Ceux de Turquie sont encore partagés entre l’espoir d’une négociation avec le pouvoir turc et l’usage de la force pour obtenir une plus grande autonomie au regard d’une Turquie désireuse d’intégrer l’Union européenne adoucissant sa politique de répression envers les Kurdes, expliquant en partie le lien entre les deux présidents Barzani et Erdogan. Les Kurdes d’Iran de leur côté observent les bouleversements, en attendant leur moment.

S’approche-t-on aujourd’hui de la création des « Etats-Unis du Kurdistan » ou d’un « Kurdistan fédéral » dont nous parle Kendal Nezan. Pour lui, « Il y a une identité kurde fédératrice qui se manifeste lorsque se produisent des évènements graves qui mettent en danger la population kurde, comme l’attaque de la ville kurde syrienne de Kobané ou des évènements plus anciens, comme l’attaque sur Halabja, la ville kurde d’Irak, en 1988. L’identité kurde s’est créée autour de la langue kurde et de ses deux dialectes, l’un septentrional, parlé par 65% des Kurdes et celui du sud, qui est la langue d’enseignement et des médias dans le Kurdistan iranien et irakien. Mais aussi autour de la culture et des traditions. Je dirais qu’il y a plutôt des identités régionales kurdes ».

Cependant, il ne croit pas dans un Kurdistan uni pour l’instant victime de la présence de la Turquie et de l’Iran, il y a un problème pour faire l’unité à cause d’une lutte de pouvoir interne kurde. La division des Kurdes, due à des rivalités anciennes entre clans et aux ambitions personnelles de leurs chefs, a toujours entretenu dans cette région une confusion propice aux interventions étrangères.

Il pense que « Peut-être il y aura un jour des « Etats-Unis du Kurdistan » ou un « Kurdistan fédéral », un peu comme le modèle allemand avec ses identités régionales. Car les Kurdes ont évolué différemment selon les pays où ils vivent : Irak, Syrie, Turquie ou Iran ».
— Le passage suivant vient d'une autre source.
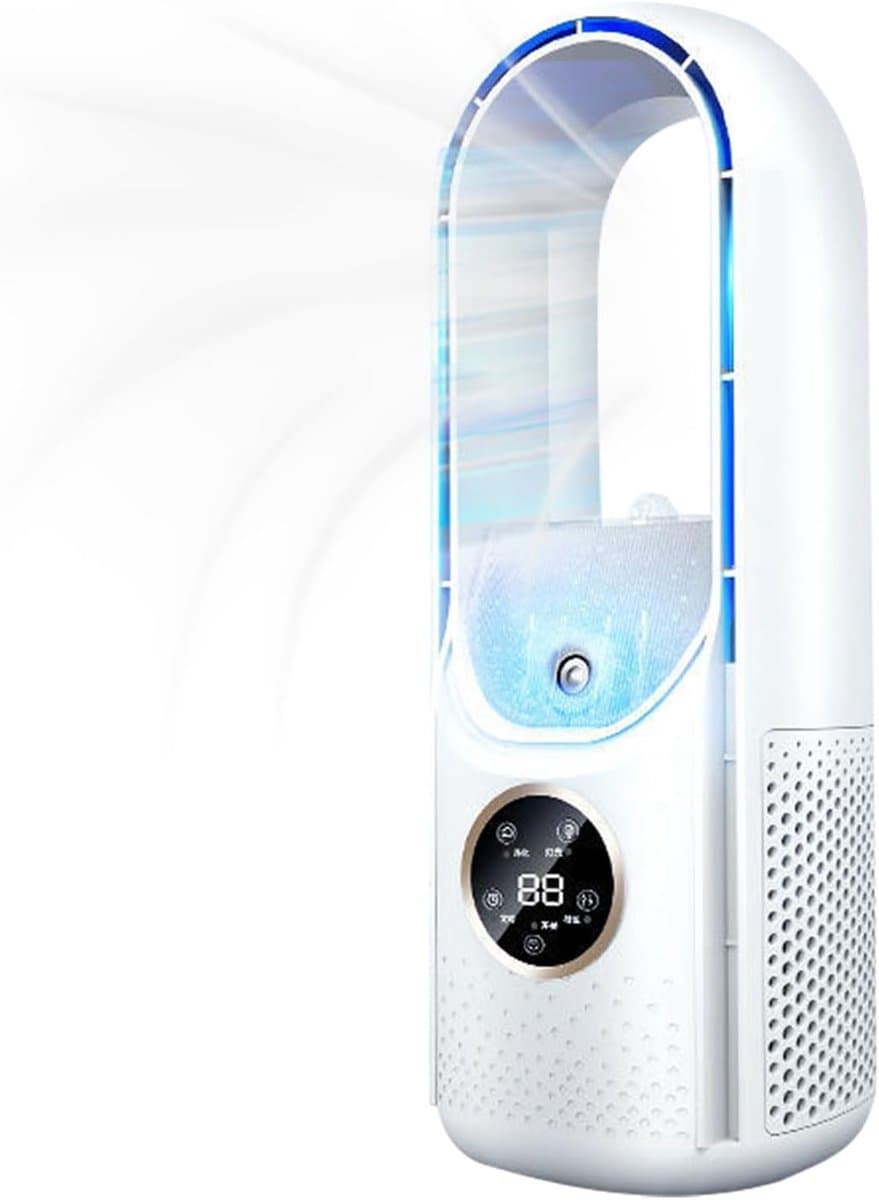 Draagbare airconditioner - Draagbare USB-luchtkoeler en ventilator zonder bladen - 6 instelbare vermogensniveaus - Stille koelventilator en luchtbevochtiger (wit) — afbeelding 1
Alors qu’en 1930, la rébellion kurde en Irak était soutenue par les Britanniques, soucieux de maintenir leur influence sur le gouvernement de Bagdad et de surveiller les ressources pétrolières de la région, le Général de Gaulle qui résidait au Levant avait soulevé la question kurde où il parlait des « Droits des Kurdes ». En reconnaissance des élites kurdes engagées pour la France libre, le Général de Gaulle créera la chaire des langues kurdes.

Avec un vif intérêt pour la question de l’indépendance kurde, il consacrera une brochure, intitulée « la question Kurde » publiée en 1930 par l’imprimerie du Bureau topographique du Levant.